The reduction will happen automatically, courtesy of the company with whom you hold ( secured loans ) your pension and life insurance policy. That's if you're a 22% taxpayer. If you pay at the higher rate then you'll need to fill out a year-end self-assessment tax return to get the full 40% tax relief.

There are three stipulations:

•  You must have both your pension and life insurance with the same company and pay ( unsecured loans ) as one combined premium.

•  The combined value of your pension fund plus the amount that your life insurance covers you for cannot be more than £1.5 million.

•  You must pay no more than £215,000 a year in combined premiums.

The life insurance savings aren't quite as good as they sound - primarily because the very ( life assurance ) fact that you are buying life insurance from your pension provider will probably mean that you're not getting the cheapest deal on the market. Also, it is likely that you will pay slightly more on life insurance because it is combined with the pension, compared to a standalone policy. The cheapest deals are on the Internet, and seeing as you can't buy a combined policy in this way, you will probably be paying more than the lowest prices available.

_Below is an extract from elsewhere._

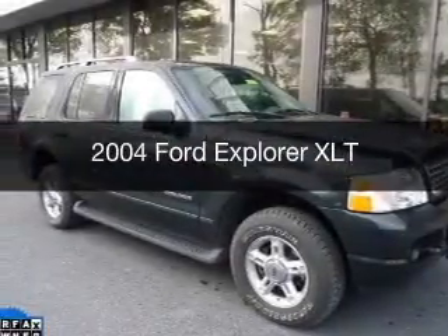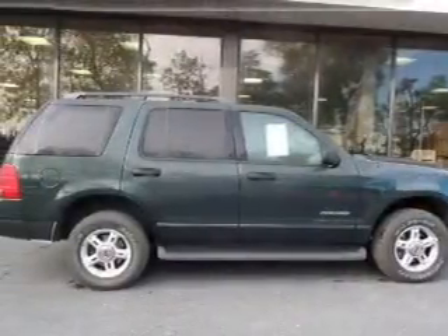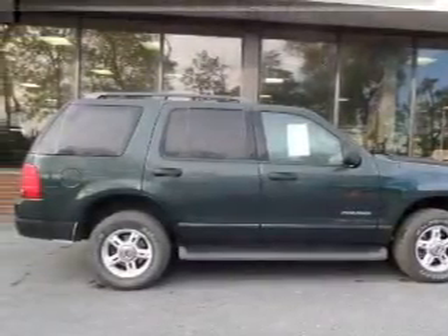This is a used 2004 Ford Explorer, powered by 4-wheel drive, a 4-liter, 6-cylinder engine, and a 5-speed automatic transmission.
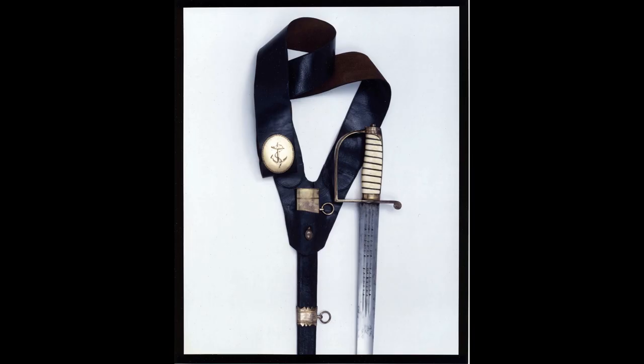Hello and welcome to Historic Naval Swords and Relics. I'm Sim Comfort, author and publisher. Today we're going to examine the fighting sword of Captain Philip Broke of HMS Shannon and his 15-minute fight with the USS Chesapeake — the shortest frigate action in the history of the Royal Navy.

The people that will really benefit will be the higher rate taxpayers. The tax savings of 40% will make a big difference. Those that pay at standard rate should probably do their sums first before ( medical insurance ) getting too excited, because the 22% savings may be cancelled out by the more expensive policies. Check out the online competition and get a standalone quote on life insurance to see how much you would pay for that and your pension, compared to the combined cost.